In Anspielung auf ihre Zeit in der "Freien Deutschen Jugend" (FDJ) machte der 44-Jährige sie zur Täterin im SED-Staat, unterlegte seine Frage mit Verschwörungstheorien, wie sie im AfD-Milieu kursieren: "Ich bedauere, dass sie uns nicht verrät, welche Herrschafts- und Zersetzungsstrategien sie damals bei der FDJ gelernt hat, wie man ein Volk mit Propaganda und Agitation in Schach hält." Als aus den anderen Fraktionen laute "Pfui-Rufe" ertönten, sprach Merkel in der dritten Reihe der Regierungsbank mit einem CDU-Staatssekretär - sah kurz auf und ließ sich ansonsten nichts anmerken.

Chrupallas Attacke war ein Paradebeispiel für ein Problem, vor dem die anderen Parteien immer wieder seit dem Einzug der AfD stehen: Wie auf solche Provokationen reagieren?

SPD-Rednerin Katrin Budde, ebenfalls Ostdeutsche, überging zunächst den Angriff. Kurz vor Schluss nahm sie aber die Ost-Wahlkampagne der AfD aufs Korn ("Die Wende vollenden"), führte den Begriff auf seinen Ursprungsvater zurück, den letzten SED-Generalsekretär Egon Krenz.

Wer das Wort verwende, der stehe "nicht in der Tradition der friedlichen Revolution, sondern in der Tradition der SED", rief Budde. Ihre Worte wirkten wie ein verbaler Befreiungsschlag, zur Freude aller anderen Fraktionen.

Einmal mehr stilisierte sich die AfD auch an diesem Tag zum Opfer. Fraktionsvize Leif-Erik Holm, auch er Ostdeutscher, verwahrte sich gegen Angriffe der Linken, neue Mauern bauen zu wollen. "Für die Mauertoten sind Sie verantwortlich", rief er. Es mache einen Unterschied, ob man damit seine Bürger einsperre oder kontrolliere, "wen wir ins Land reinlassen".

Grünen-Fraktionschefin Katrin Göring-Eckardt, im Herbst 1989 in der DDR-Protestbewegung aktiv, konterte kühl, die AfD könne sagen was sie wolle, selbst im Parlament. Sie müsse aber aushalten, "dass wir ihren Hass klar benennen, dass wir ihrer Menschenverachtung die Würde jedes einzelnen Menschen entgegenstellen".

Es war dann der sächsische CDU-Ministerpräsident Michael Kretschmer, einst selbst Abgeordneter im Bundestag, der die AfD am härtesten anging.

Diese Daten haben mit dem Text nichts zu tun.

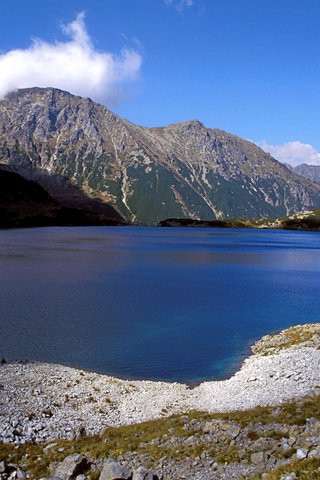 Обои озеро, горы, камни, польша, lake, mountains, stones, poland разрешение 1920x1200 Загрузить
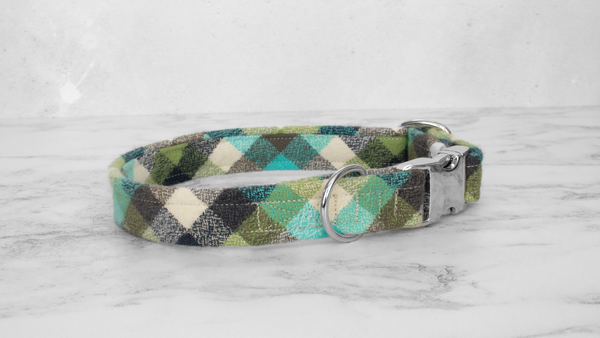 Dog Collar and Lead, Tartan with a Twist - Turquoise Check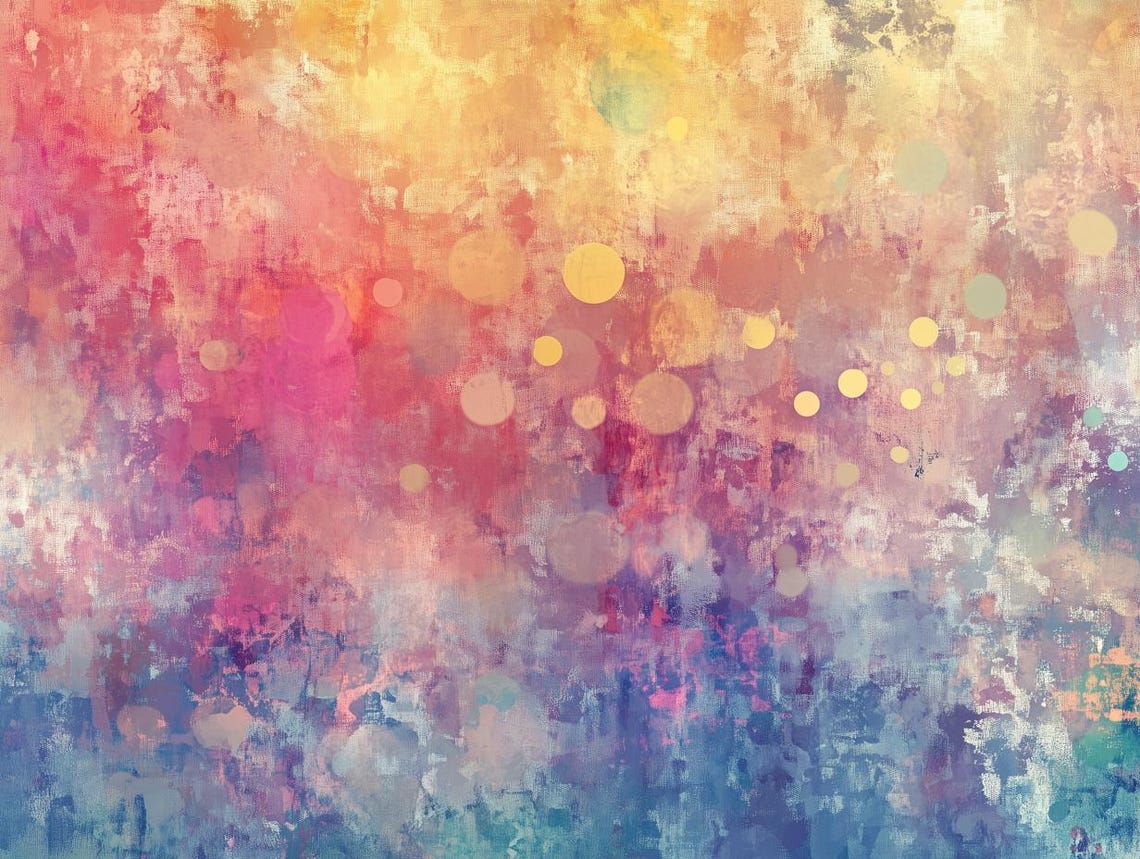 Dreamy Pastel Abstract Bokeh Warm Color Wash Textured Poster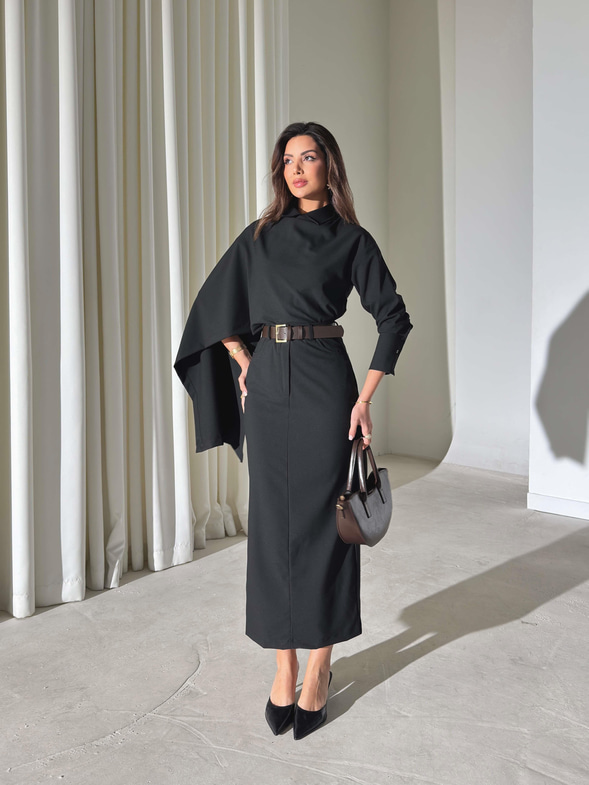 Şallı Gömlek Nalrina Siyah Kadın İkili Etekli Takım 26K417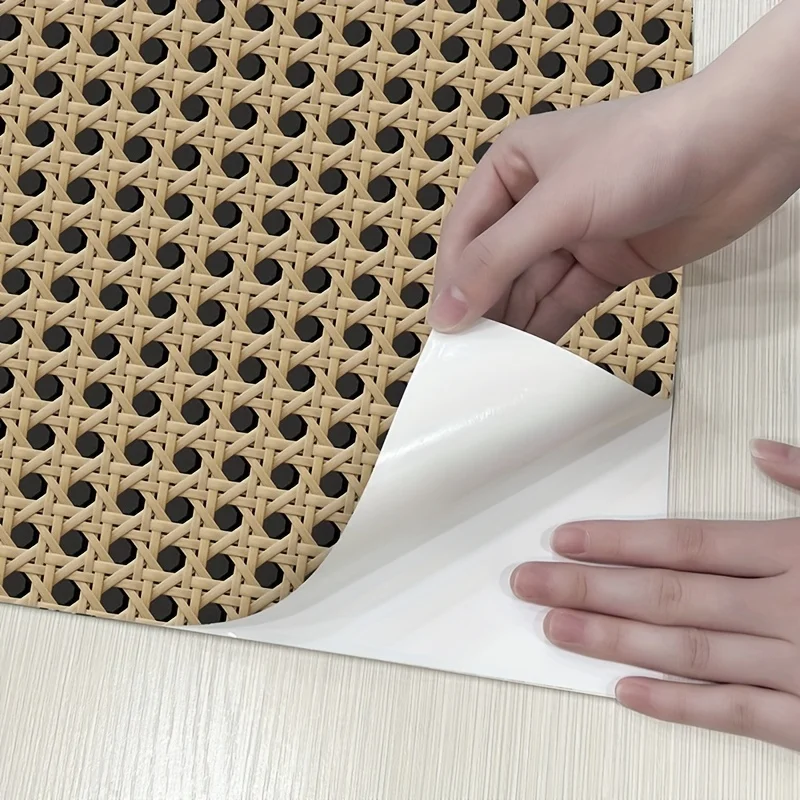 45cm Retro Rattan Pattern Self - مراجعة Pvc Panel Background وسعره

Seit zwei Jahren sei er das erste Mal wieder im Plenarsaal, sei "erschrocken über Reden, die mich an Nazis erinnern". Es sei klar, sagte er und blickte in die Reihen der AfD, dass "alle" Verantwortung trügen, die sich beklatschen und bejubeln ließen "für diese unsäglichen, verleumderischen, geringschätzenden, hasserfüllten Reden".

Gegen Helmut Kohl, dem Kanzler der deutschen Einheit, wandte sich der Sachse an die AfD, "sind Sie ärmliche Gestalten".